Après l’assassinat de Samuel Paty

par Gérard

J’ai été professeur dans ce collège du Bois d’Aulne.
L’assassinat de Samuel Paty a eu lieu près de chez nous, là où se trouve le siège social de notre association. Je suis comme vous atterré par cette barbarie.

Je me sens aujourd’hui, par l’incompréhension, par la douleur, par la colère, si proche de la famille, des collègues, des amis, de tous les enseignants de ce pays qui ont été touchés de près ou de loin par cette tragédie.
L’école, la colonne vertébrale de notre belle république, le droit pour les enfants d’ici et d’ailleurs de recevoir un enseignement qui fasse d’eux des êtres libres, capables de penser par eux-mêmes, capables de devenir des femmes et des hommes à part entière, capables de respecter leurs semblables et les valeurs fondamentales qui seules permettent à tous de vivre ensemble sur cette terre, c’est ce pour quoi nous nous sommes battu depuis des années, de nombreuses années…toute notre vie d’adultes.

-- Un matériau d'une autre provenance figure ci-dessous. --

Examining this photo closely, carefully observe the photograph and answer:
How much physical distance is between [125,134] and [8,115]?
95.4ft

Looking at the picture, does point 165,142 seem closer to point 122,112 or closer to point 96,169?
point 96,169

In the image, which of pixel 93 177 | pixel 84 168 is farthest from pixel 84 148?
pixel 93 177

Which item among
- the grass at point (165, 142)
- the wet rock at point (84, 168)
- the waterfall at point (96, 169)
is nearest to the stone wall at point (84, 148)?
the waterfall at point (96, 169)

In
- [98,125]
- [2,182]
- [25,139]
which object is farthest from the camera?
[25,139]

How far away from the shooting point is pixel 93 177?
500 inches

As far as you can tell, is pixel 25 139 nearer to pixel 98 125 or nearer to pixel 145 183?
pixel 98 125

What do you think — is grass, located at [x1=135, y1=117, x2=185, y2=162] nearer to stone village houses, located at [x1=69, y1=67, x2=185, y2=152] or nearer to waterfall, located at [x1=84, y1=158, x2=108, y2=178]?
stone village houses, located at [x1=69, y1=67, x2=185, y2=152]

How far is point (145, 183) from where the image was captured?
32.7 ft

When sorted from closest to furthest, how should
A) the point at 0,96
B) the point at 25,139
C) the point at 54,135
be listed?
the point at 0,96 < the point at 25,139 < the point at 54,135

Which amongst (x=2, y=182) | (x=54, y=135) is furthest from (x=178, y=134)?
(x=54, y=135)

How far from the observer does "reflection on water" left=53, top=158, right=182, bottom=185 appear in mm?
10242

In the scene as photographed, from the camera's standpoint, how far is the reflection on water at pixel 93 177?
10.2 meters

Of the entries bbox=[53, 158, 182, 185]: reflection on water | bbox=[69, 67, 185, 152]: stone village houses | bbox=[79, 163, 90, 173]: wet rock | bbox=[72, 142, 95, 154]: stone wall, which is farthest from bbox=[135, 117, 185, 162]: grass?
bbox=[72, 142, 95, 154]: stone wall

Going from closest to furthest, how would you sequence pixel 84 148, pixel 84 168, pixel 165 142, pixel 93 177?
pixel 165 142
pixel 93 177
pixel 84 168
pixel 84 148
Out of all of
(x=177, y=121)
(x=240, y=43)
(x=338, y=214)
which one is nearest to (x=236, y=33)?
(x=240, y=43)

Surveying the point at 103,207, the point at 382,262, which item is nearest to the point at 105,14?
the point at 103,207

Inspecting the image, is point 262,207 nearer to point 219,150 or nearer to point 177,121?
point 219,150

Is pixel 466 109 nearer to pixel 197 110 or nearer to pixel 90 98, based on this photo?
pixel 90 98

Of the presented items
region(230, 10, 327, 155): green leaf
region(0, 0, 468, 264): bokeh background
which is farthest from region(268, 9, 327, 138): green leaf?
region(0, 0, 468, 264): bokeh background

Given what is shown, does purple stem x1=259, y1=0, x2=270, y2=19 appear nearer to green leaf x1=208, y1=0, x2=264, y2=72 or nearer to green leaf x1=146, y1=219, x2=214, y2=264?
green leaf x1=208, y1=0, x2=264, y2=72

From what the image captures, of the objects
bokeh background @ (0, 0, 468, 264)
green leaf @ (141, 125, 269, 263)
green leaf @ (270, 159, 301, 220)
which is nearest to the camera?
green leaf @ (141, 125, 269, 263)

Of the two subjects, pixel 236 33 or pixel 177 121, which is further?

Lorsque, loin de chez nous, des êtres humains, des défenseurs des droits universels, sont assassinés pour ce qu’ils pensent, parce qu’ils défendent le droit de chacun à penser librement , à croire librement, à vivre libres, avocat(e)s, journalistes, artistes, professeur(e)s, écrivain(e)s, actrices, acteurs de la solidarité internationale… et beaucoup d’autres, femmes et hommes que leur conscience, que leur humanité, leur amour de la liberté et de la justice met en danger, nous ne faisons guère la relation entre ces actes barbares et notre propre cheminement, notre propre engagement.

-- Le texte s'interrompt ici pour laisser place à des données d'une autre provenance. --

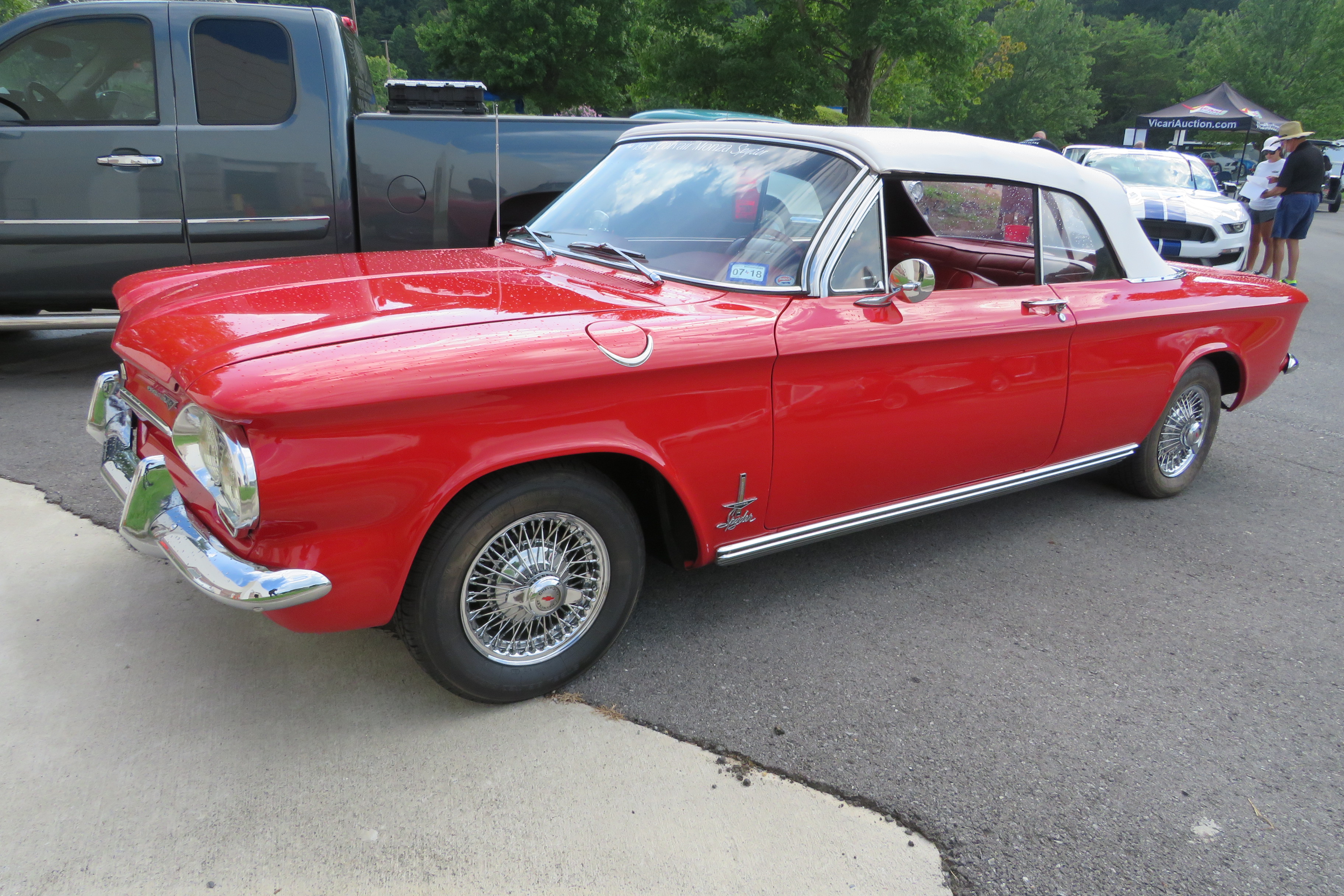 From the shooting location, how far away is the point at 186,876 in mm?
2002

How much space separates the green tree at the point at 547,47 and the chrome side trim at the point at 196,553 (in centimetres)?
2835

Lorsque la barbarie frappe à notre porte, jette du sang sur notre seuil, nous prenons soudain conscience de la fragilité de nos démocraties, du courage de ceux qui se battent pour les défendre, et du poids de notre propre indifférence, parfois, face à ces assassins qui n’ont de cesse d’œuvrer pour les détruire, face aux lâches, surtout, qui les y poussent.
Un enfant d’ici, un enfant d’ailleurs, c’est notre enfant. Le poids de l’obscurantisme, de l’inégalité, de l’injustice parfois institutionnalisée, de la souffrance, est le même pour tous, comme est universel leur droit de pouvoir manger à leur faim, étudier, se soigner, penser par eux-mêmes et s’exprimer et agir librement.
Je voudrais qu’à cette heure de stupéfaction, d’émotion et de colère, nous portions tous, aussi, notre regard un peu plus loin. Notre monde est devenu petit. L’inacceptable misère est là, tout près, qui broie des enfants que nous pourrions sauver. La pandémie du Covid 19, dans le grand silence qui nous étouffe, dans le grand désordre de l’information délétère qui crée ce silence, fera 120 millions d’enfants déshérités de plus cette année dans le monde, des dictatures sanguinaires fleurissent, dans l’impuissance générale. Quelques millions de plus d’enfants déshérités de tout ce qui est leur droit le plus élémentaire, et de leur droit de penser et d’être éduqués pour devenir des êtres humains à part entière. Il y a des enseignants qui se battent, dans tant de pays du monde où le mot démocratie est une insulte ! Tant de gens qui, dans la rue, risquent leur vie pour gagner ces droits !
Que notre désarroi, notre révolte ne nous amènent pas à fermer nos portes, à nous recroqueviller sur nous-mêmes, à accepter des compromissions de confort.
« Vivre un peu plus simplement, pour que d’autres, simplement puissent vivre », mais aussi s’engager un peu plus pour que tous, ici et là-bas nous puissions rester libres.